Task to complete: Output exactly, and only, the lines below from the one with "Nevskiy Avenue, 32-34 map" down to the one with "New Ring Toss". Include both end lines and no pictures.
··· Dataset entries ···
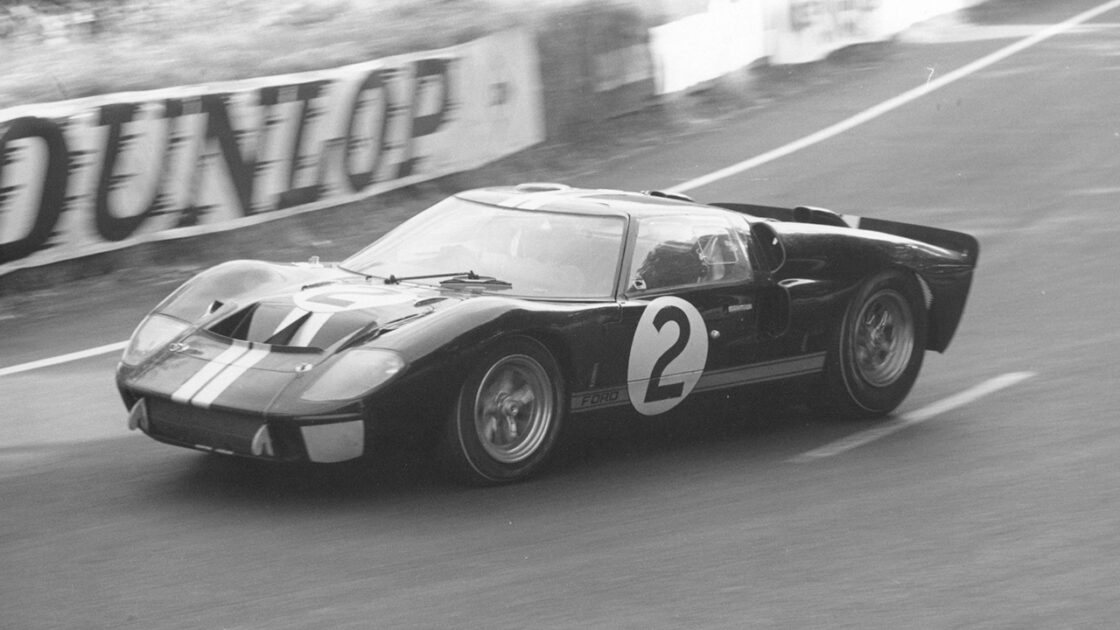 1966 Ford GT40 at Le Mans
···
··· Dataset entries ···
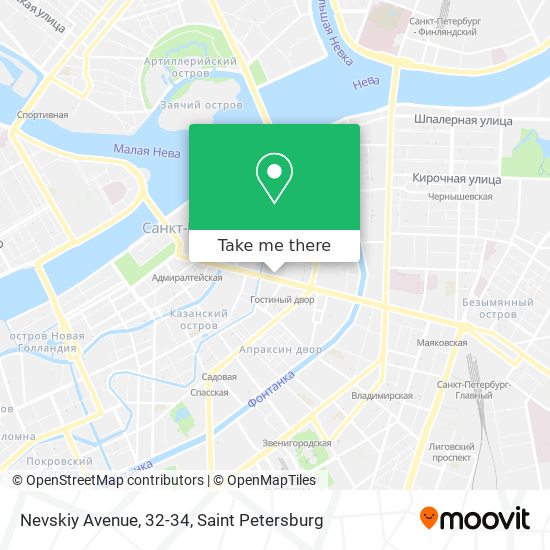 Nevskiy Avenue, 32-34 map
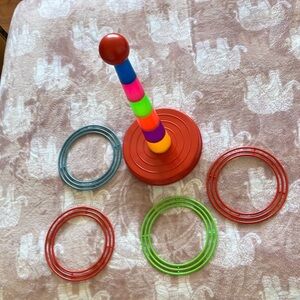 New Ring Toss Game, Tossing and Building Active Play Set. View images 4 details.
···
Response:
 Nevskiy Avenue, 32-34 map
 New Ring Toss Game, Tossing and Building Active Play Set. View images 4 details.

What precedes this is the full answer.